Now it gets interesting. Because now it is not just about technology anymore. For example, if you are a European company or European government agency, you might – for obvious reasons – want to choose an OCP Ready datacenter that is based in Europe. So a facility that preferably is physically located within the European Union and is also owned by a European company. That narrows down your options quite a bit.
Next, you might want to look at their support infrastructure. For example, is your OCP Ready datacenter of choice able to support you when it comes to IT operations? That means that this datacenter will be able to help you out with any IT related tasks. What does that mean? Well, for example, you will not have to send your own personnel to this facility to perform all kinds of operational tasks. Instead, you simply send the required equipment to the facility and have their personnel perform whatever tasks are required. In terms of costs and planning, this is a huge advantage because the new infrastructure will be up and running in no time instead of having to wait weeks or more before equipment and the right people are available.
Location, location, location
You might want to consider one more thing. Open source datacenters outperform their legacy competitors across the board. But when two or more OCP Ready datacenters compete with each other in terms of speed, availability, etc., we have to look at other criteria as well. Like location.
Here I think you should look at more than just location relative to a major Internet Exchange.
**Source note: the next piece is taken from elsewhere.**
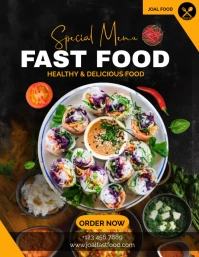 Food flyer template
Depending on the services you offer to your own customers, you might want to consider the location of your OCP Ready facility relative to other datacenters in your infrastructure as well. For example, you might have to support applications that require mirrored operations in 2 datacenters. So you are able to offer your customers 100% uptime. In that case, your OCP Ready facility needs to be geographically located very close to your other (legacy or not) datacenters. So often, your best option is to choose an OCP Ready datacenter that is based right in the middle of a major datacenter hub like Amsterdam or Frankfurt.